Tag Archives: Superior Threads

The Doctor Is In For Thread Advice

One of Road’s most popular $5.00 Lectures is the session with Bob Purcell, President of Superior Threads, where he talks about Thread Therapy. Bob has proclaimed himself a Self-Certified Threadologist, qualified to make diagnoses, give advice, and solve problems regarding thread issues.

Photo by Brian Roberts Photography

Superior Threads began in 1998 as an at-home business by Bob and his wife, Heather, in their garage. Bob says that he needed to start the thread company in order to support Heather’s quilting addiction. Today, the business spans over a 25,000 sq./ft. facility in the red rocks of St. George, Utah.

Photo Courtesy of Superior Threads

The first product Superior Threads produced and carried was their Superior Metallic. They currently produce and sell over 40 different thread lines with more on the way. Superior Threads prides itself on seeking out the highest-quality raw materials and using the latest technology in processing to create threads for all types of sewing.

The most important warning that Dr. Bob gives is “don’t expect stores to know about thread and needles.” A quilter needs to become familiar with all the different thread and needle types in order to create the best projects.
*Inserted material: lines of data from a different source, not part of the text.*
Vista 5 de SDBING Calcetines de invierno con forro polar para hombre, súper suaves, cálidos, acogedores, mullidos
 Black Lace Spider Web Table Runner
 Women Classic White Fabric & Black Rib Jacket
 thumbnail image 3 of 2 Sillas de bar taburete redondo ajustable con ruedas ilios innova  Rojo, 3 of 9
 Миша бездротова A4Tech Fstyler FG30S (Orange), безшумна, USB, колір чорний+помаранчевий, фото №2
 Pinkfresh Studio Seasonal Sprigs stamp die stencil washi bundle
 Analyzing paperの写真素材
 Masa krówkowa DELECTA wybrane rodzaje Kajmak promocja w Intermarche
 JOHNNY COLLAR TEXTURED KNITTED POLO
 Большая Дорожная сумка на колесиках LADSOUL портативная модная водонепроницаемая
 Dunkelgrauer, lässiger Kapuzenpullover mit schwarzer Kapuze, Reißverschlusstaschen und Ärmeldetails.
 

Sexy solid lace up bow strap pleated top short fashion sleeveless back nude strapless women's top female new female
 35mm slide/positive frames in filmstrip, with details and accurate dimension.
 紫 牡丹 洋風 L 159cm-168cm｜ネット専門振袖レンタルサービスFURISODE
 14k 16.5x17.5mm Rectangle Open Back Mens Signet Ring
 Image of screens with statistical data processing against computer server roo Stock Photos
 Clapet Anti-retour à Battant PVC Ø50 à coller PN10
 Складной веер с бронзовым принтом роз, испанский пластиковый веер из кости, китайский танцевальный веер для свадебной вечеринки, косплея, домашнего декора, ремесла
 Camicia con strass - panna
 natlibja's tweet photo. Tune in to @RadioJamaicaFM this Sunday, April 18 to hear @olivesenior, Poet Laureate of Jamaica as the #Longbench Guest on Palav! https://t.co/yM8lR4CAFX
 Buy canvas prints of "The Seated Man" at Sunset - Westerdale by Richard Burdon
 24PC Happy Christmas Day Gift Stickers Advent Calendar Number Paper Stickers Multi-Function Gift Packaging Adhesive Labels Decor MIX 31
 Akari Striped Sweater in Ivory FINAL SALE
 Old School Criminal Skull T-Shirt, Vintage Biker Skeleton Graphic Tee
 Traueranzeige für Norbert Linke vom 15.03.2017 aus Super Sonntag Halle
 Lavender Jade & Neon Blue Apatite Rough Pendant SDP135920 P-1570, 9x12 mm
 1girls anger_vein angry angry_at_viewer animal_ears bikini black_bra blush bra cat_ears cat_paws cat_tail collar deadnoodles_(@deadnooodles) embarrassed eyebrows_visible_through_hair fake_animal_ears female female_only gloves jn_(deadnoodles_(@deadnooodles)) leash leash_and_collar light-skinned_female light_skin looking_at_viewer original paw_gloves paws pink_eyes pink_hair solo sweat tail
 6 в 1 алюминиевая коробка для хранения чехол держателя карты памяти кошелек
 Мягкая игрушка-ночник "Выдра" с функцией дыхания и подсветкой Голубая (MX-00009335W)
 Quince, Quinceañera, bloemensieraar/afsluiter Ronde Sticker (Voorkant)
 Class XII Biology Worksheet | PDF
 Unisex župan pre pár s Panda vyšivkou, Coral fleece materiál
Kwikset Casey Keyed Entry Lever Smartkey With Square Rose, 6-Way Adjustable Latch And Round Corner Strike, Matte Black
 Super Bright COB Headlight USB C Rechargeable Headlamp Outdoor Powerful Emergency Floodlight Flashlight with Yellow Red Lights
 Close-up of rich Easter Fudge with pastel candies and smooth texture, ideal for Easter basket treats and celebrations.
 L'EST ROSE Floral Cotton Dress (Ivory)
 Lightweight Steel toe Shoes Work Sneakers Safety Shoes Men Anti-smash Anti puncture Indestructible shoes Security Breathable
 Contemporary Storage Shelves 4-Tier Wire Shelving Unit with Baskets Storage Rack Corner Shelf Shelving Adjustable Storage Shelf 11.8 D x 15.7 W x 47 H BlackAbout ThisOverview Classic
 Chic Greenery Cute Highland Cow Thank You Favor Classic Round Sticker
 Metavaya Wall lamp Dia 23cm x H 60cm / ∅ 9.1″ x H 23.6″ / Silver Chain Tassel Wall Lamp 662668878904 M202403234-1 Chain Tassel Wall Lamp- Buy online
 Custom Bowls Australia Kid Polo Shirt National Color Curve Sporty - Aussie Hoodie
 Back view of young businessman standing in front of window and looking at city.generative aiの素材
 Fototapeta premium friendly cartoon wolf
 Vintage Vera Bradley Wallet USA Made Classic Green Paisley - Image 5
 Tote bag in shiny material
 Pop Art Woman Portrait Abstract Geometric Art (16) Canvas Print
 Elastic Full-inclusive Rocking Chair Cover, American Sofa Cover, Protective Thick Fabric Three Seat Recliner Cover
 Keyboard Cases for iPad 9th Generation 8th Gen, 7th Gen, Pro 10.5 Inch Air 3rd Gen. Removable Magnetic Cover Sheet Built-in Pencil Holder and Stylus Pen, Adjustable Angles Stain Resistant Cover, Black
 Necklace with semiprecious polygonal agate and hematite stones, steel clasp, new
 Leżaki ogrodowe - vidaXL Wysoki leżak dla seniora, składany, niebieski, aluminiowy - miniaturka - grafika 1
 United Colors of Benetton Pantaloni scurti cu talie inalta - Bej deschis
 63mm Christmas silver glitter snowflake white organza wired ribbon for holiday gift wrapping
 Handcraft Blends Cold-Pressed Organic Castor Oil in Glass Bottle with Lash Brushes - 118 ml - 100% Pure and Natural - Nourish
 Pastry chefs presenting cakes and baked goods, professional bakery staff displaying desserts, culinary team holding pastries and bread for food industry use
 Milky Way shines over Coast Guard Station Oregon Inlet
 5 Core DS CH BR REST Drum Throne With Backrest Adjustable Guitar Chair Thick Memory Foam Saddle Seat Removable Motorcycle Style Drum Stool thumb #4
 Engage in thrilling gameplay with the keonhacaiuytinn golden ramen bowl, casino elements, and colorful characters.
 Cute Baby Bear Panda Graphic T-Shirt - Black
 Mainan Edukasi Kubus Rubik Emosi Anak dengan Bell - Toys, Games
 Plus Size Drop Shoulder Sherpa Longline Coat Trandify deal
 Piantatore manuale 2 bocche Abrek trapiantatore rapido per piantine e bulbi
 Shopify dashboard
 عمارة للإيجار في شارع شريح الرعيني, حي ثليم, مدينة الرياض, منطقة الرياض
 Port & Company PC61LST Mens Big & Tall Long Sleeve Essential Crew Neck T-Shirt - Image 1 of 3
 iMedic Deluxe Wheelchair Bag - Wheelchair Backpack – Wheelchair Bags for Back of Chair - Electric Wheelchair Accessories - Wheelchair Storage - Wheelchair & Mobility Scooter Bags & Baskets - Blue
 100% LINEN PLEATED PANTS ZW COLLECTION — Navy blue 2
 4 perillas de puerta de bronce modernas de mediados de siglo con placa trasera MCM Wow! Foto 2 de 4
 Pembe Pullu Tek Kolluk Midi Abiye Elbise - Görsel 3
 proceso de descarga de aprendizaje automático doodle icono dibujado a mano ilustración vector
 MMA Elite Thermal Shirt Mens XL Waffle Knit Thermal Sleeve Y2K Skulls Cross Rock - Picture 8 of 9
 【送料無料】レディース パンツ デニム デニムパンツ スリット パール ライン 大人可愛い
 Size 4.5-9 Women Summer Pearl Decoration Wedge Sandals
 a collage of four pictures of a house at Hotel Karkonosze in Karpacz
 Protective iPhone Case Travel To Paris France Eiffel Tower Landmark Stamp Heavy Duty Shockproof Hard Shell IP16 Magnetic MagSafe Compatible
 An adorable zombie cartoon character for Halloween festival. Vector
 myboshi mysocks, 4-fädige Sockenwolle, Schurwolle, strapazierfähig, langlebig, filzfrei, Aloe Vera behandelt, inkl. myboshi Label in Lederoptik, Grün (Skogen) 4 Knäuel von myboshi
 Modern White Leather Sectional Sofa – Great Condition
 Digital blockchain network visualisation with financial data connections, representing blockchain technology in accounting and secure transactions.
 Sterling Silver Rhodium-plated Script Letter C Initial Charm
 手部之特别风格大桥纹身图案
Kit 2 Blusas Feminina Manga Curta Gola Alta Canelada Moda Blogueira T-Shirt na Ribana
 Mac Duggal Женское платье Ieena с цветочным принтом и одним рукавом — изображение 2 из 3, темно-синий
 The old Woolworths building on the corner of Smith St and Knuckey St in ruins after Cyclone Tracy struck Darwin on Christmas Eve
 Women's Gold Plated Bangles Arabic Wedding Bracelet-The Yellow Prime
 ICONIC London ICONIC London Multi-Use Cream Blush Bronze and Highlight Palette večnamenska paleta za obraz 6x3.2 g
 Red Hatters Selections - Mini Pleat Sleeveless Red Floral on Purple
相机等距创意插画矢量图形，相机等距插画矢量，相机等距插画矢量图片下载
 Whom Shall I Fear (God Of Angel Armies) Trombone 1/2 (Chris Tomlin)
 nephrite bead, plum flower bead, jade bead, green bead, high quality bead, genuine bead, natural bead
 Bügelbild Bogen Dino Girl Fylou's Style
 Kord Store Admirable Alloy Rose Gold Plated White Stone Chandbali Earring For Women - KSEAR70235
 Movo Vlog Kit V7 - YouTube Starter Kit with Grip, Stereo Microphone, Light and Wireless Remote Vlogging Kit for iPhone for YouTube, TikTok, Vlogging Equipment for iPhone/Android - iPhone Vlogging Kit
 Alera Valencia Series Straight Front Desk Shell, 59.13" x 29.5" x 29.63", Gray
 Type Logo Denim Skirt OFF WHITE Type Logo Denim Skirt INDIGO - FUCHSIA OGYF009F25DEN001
Photo by Brian Roberts Photography

Bob has found that most traditional quilters prefer using cotton thread but he stressed that there are so many other alternatives out there and he encouraged the audience to try new threads with their work.

Metallic thread is very popular but it also can give the “biggest headache.” warned Bob. He shared a way on how to see if a particular metallic thread is good or bad: Cut off a piece about 3 feet long and let it hang down. If it twists, it is a bad thread. Good metallic thread will hang smoothly without tangling.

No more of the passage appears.